RFC: Cyrus master fixes
Henrique de Moraes Holschuh
hmh at debian.org
Thu Sep 23 14:54:54 EDT 2010
On Thu, 23 Sep 2010, Jeroen van Meeuwen (Kolab Systems) wrote:
> We are actually using GIT these days; http://git.cyrusimap.org
Has the switchover of the source tree to a git repo been decladed "gold"
already?
> > I still didn't send the child-fix-related patches upstream. They fix
> > real bugs, but they're not complete yet so they don't fix all bugs. And
> > I didn't update the state machine docs with the stuff the patches
> > change.
>
> Can you refer me to these patches? I cannot make any guarantees but I can make
> sure they get the attention they deserve.
Attached.
Now that you guys are using git, please retain all autorship information.
To make it clear: these fixes are not complete, and need some heavy testing.
BTW, Cyrus master cannot tolerate PID colisions (old PID still in dead child
table, and on queued messages because the kernel is being funny, PID shows
up again when master tries to fork() a service), and I haven't managed to
find a good way to fix that one yet.
--
"One disk to rule them all, One disk to find them. One disk to bring
them all and in the darkness grind them. In the Land of Redmond
where the shadows lie." -- The Silicon Valley Tarot
Henrique Holschuh
-------------- next part --------------
From: Henrique de Moraes Holschuh <hmh at debian.org>
Subject: use uid_t and gid_t instead of int
Origin: vendor, Debian Cyrus IMAPd 2.1.16-7 (2004-08-07)

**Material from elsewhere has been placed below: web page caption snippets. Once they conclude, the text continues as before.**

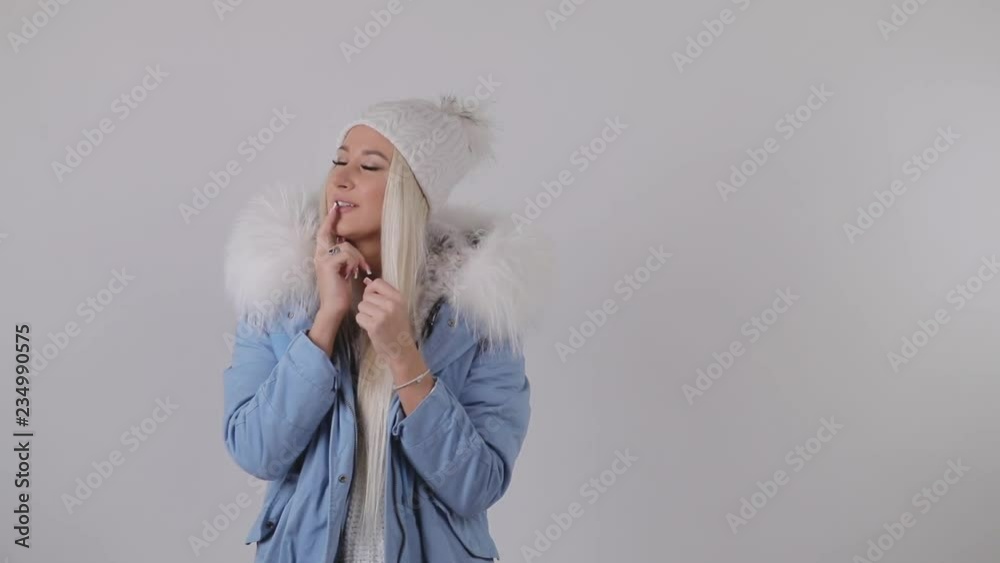 Happy Amazed Woman in winter fur coat, Holding Present in Her Hands, makes a wish and gets a gift box. White background. 4k slow motion video
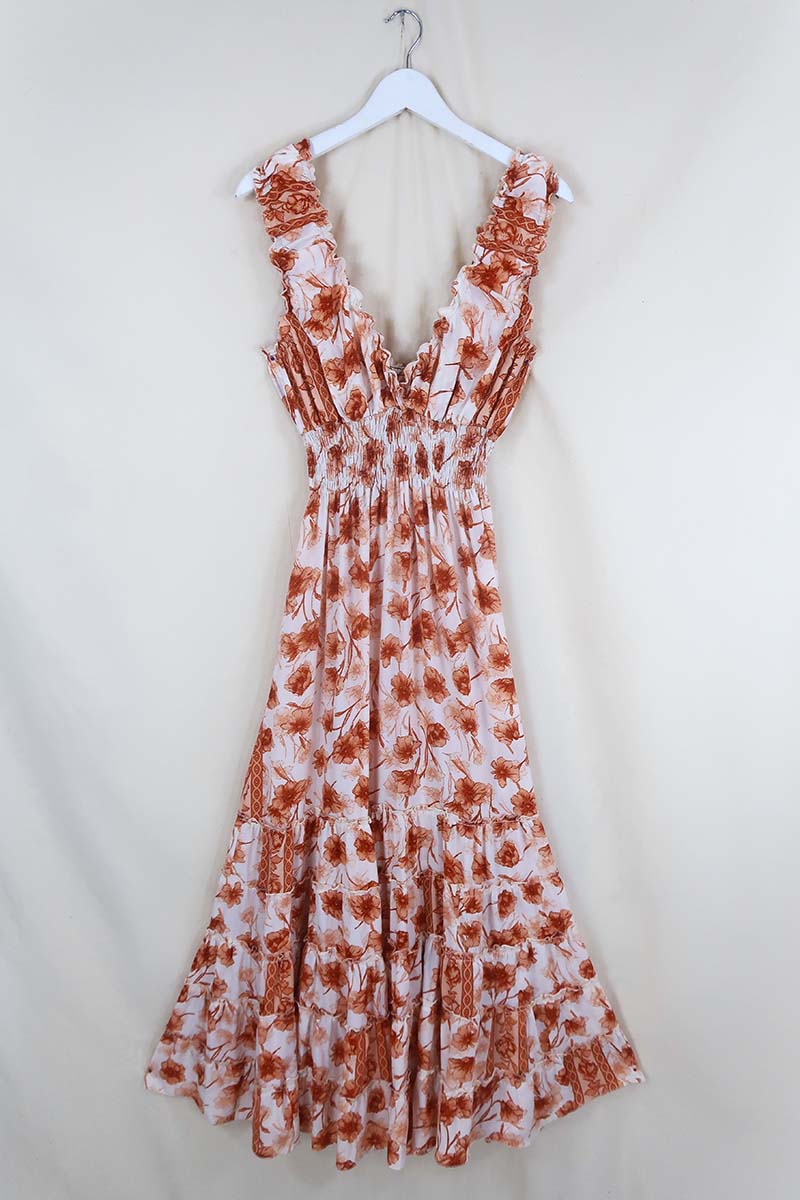 Flat lay of Maisie Maxi Dress in Candied Orange Watercolour Floral, a retro floaty frill dress inspired by the 70s bohemian fashion by All About Audrey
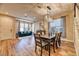 Open dining and living area featuring hardwood floors and a decorative chandelier at 2285 Moresca Ave, Henderson, NV 89052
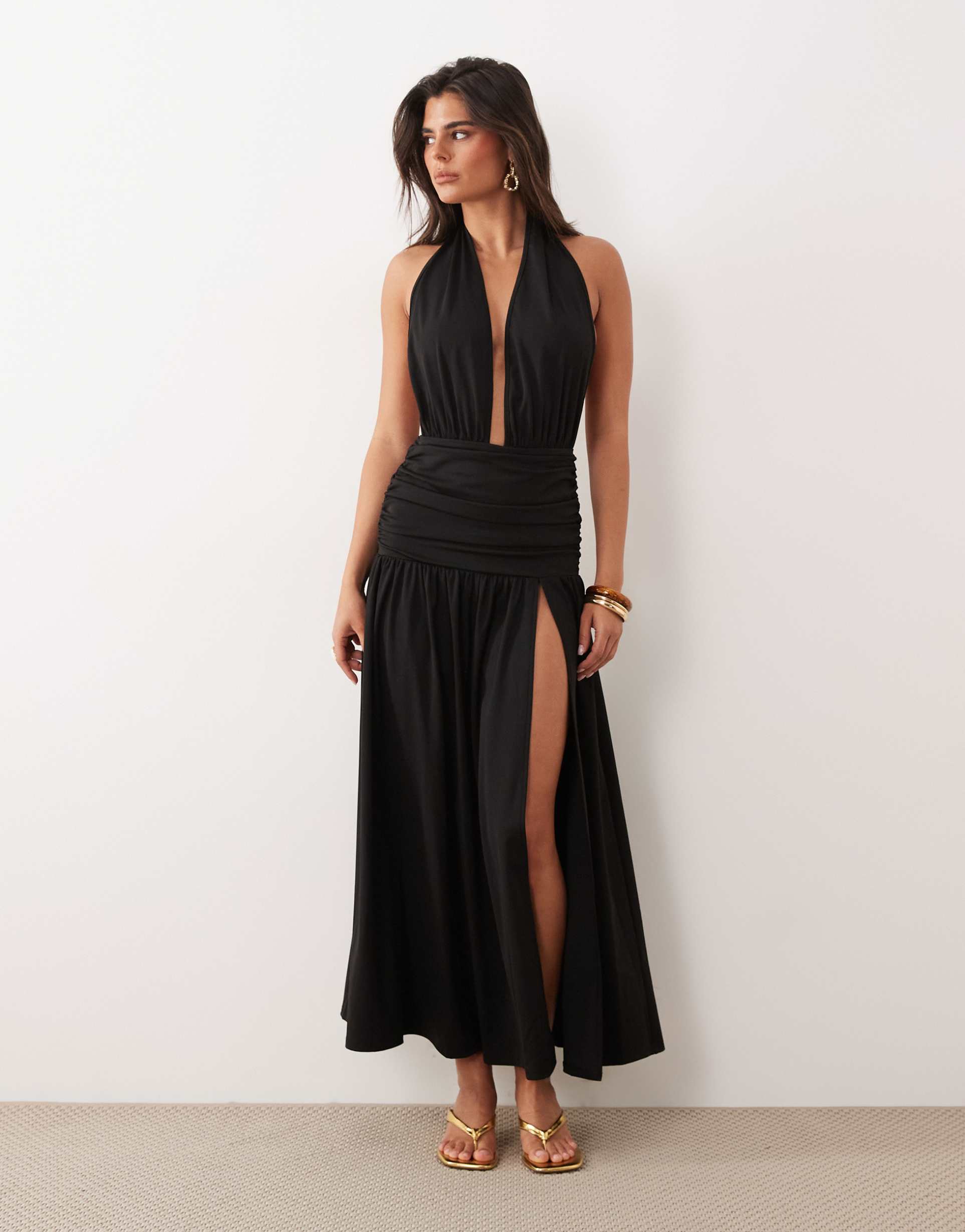 the frolic exclusive plunge halterneck shirred detail low back thigh split maxi dress in black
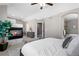 Main bedroom with fireplace and ensuite bathroom at 4727 Raven Run, Broomfield, CO 80023
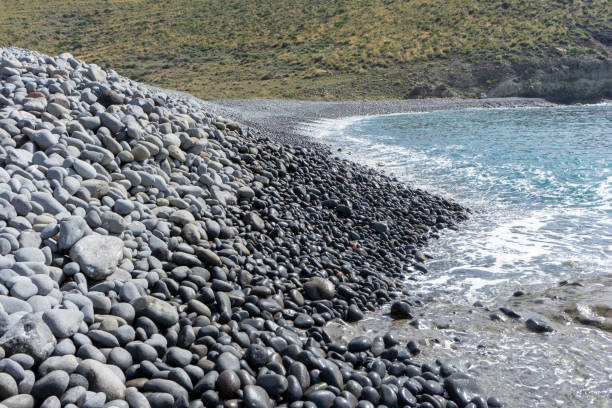 istock PARADISIACAL BEACH WITH ROUND STONES 1393099045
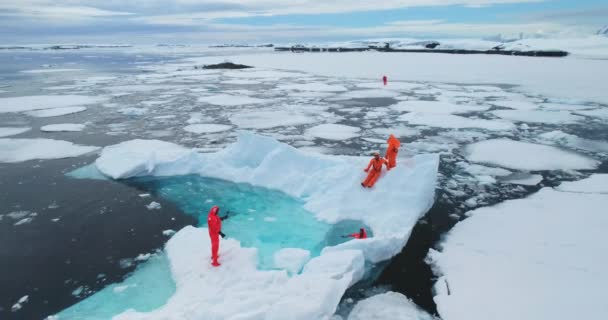 在南极洲 人们站在漂浮的冰山上 极地考察队的科学家们放松 在户外玩得很开心 冰天雪地 冰川融化 南极的野生生物 空中射击 — 图库视频影像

Use the proper types for UIDs and GIDs.
Index: cyrus-imapd-2.3-pkg/lib/util.c
===================================================================
--- cyrus-imapd-2.3-pkg.orig/lib/util.c
+++ cyrus-imapd-2.3-pkg/lib/util.c
@@ -365,9 +365,10 @@ int cyrus_mkdir(const char *path, mode_t
int become_cyrus(void)
{
struct passwd *p;
- int newuid, newgid;
+ uid_t newuid;
+ gid_t newgid;
int result;
- static int uid = 0;
+ static uid_t uid = 0;
if (uid) return setuid(uid);
-------------- next part --------------
From: Henrique de Moraes Holschuh <hmh at debian.org>
Subject: silence erroneous RLIMIT_NUMFDS-related log messages
Origin: vendor, Debian Cyrus IMAPd 2.1.16-7 (2004-08-07)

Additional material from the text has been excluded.